Problem details -> Word for word, restate the lines of the data below between those holding "Zombie Rule 1 Cardio T-Shirt" and "Buffalo Chicken French Fries", inclusive; pictures do not belong in the copy.

____ Records for this task

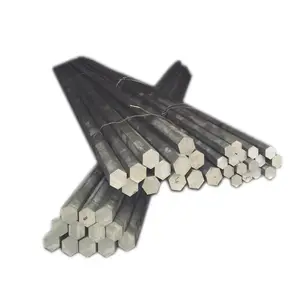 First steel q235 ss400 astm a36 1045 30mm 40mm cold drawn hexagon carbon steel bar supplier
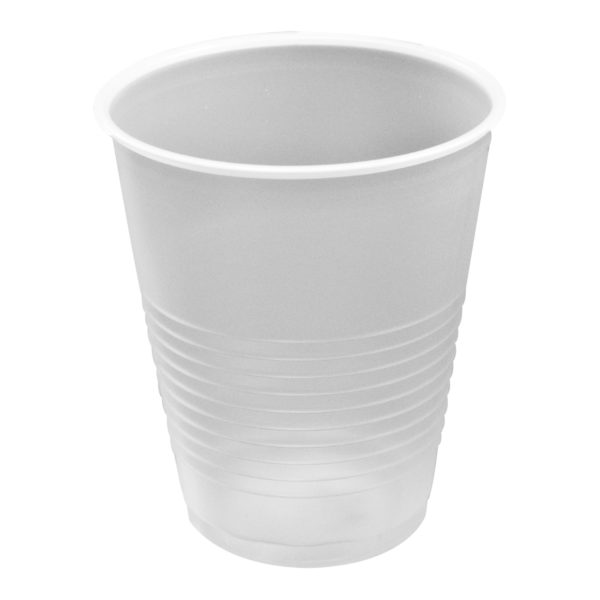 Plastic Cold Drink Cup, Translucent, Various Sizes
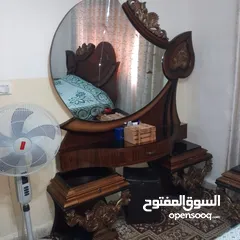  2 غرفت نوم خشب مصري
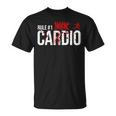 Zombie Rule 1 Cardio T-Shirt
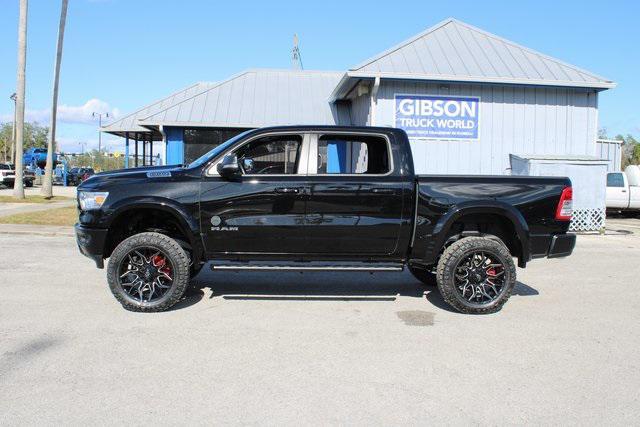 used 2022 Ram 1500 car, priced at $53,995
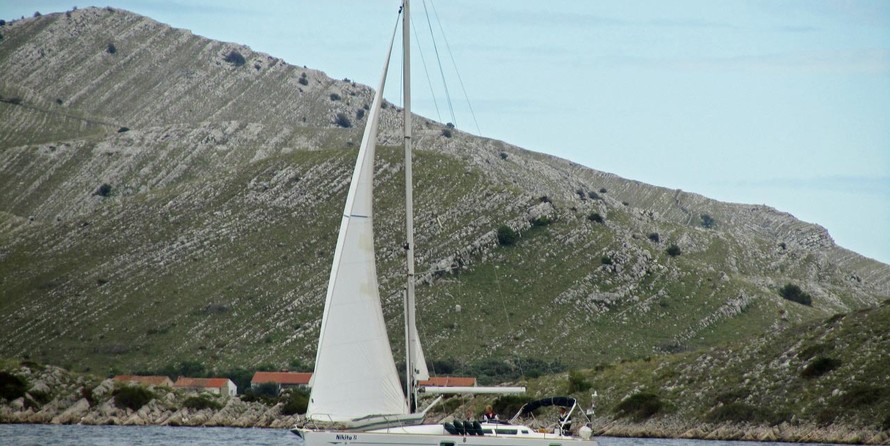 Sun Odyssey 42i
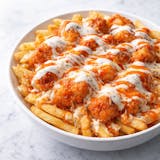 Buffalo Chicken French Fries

________
____ Records for this task

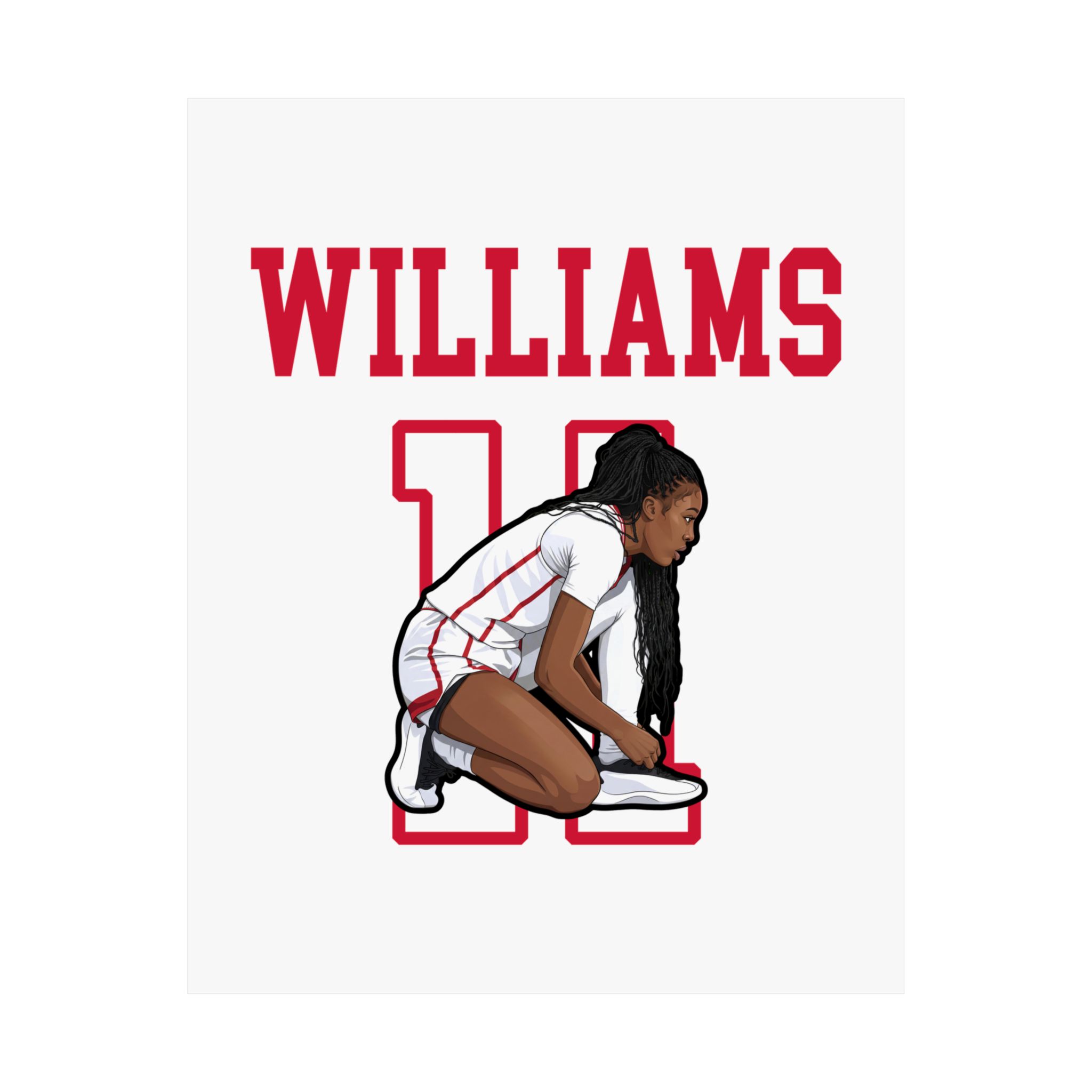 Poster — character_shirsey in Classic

________

Response ->
 Zombie Rule 1 Cardio T-Shirt
 used 2022 Ram 1500 car, priced at $53,995
 Sun Odyssey 42i
 Buffalo Chicken French Fries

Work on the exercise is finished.